#### Data shown

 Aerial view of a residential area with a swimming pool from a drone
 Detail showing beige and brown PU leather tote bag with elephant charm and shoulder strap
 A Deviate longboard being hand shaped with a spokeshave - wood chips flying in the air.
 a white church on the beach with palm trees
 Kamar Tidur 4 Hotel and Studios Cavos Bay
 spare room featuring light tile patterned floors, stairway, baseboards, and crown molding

==

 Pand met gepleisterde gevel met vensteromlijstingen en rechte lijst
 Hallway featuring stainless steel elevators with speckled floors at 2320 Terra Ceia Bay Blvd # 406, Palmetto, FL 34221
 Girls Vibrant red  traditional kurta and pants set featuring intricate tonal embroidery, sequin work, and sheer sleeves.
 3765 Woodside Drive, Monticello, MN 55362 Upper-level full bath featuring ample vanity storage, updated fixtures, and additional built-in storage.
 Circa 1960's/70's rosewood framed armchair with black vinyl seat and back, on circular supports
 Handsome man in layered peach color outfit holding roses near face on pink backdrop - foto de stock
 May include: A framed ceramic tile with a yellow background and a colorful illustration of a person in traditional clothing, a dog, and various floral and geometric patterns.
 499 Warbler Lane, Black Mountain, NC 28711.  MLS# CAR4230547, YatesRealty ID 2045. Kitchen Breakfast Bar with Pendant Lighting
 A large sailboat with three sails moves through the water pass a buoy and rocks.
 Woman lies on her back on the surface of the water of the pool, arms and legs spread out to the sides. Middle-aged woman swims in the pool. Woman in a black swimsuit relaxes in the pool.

* * *

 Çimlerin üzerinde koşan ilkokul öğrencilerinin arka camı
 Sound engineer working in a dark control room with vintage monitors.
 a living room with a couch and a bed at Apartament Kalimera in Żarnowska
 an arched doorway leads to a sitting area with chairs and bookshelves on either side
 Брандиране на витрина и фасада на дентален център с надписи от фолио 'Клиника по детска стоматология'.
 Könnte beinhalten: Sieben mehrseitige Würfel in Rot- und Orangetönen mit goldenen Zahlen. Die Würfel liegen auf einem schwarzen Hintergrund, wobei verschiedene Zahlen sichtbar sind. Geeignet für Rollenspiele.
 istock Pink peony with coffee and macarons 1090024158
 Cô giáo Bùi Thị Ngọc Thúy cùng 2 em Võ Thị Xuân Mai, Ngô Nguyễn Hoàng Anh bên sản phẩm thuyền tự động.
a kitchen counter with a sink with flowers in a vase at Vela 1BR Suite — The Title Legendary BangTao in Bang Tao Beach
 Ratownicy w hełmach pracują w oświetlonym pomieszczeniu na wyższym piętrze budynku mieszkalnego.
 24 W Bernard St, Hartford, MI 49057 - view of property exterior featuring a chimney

#### Task directions
Reproduce exactly, and only, the part of the listing above that begins at the line with "Hallway featuring stainless" and goes on through the line with "Woman lies on".

#### Solution below
 Hallway featuring stainless steel elevators with speckled floors at 2320 Terra Ceia Bay Blvd # 406, Palmetto, FL 34221
 Girls Vibrant red  traditional kurta and pants set featuring intricate tonal embroidery, sequin work, and sheer sleeves.
 3765 Woodside Drive, Monticello, MN 55362 Upper-level full bath featuring ample vanity storage, updated fixtures, and additional built-in storage.
 Circa 1960's/70's rosewood framed armchair with black vinyl seat and back, on circular supports
 Handsome man in layered peach color outfit holding roses near face on pink backdrop - foto de stock
 May include: A framed ceramic tile with a yellow background and a colorful illustration of a person in traditional clothing, a dog, and various floral and geometric patterns.
 499 Warbler Lane, Black Mountain, NC 28711.  MLS# CAR4230547, YatesRealty ID 2045. Kitchen Breakfast Bar with Pendant Lighting
 A large sailboat with three sails moves through the water pass a buoy and rocks.
 Woman lies on her back on the surface of the water of the pool, arms and legs spread out to the sides. Middle-aged woman swims in the pool. Woman in a black swimsuit relaxes in the pool.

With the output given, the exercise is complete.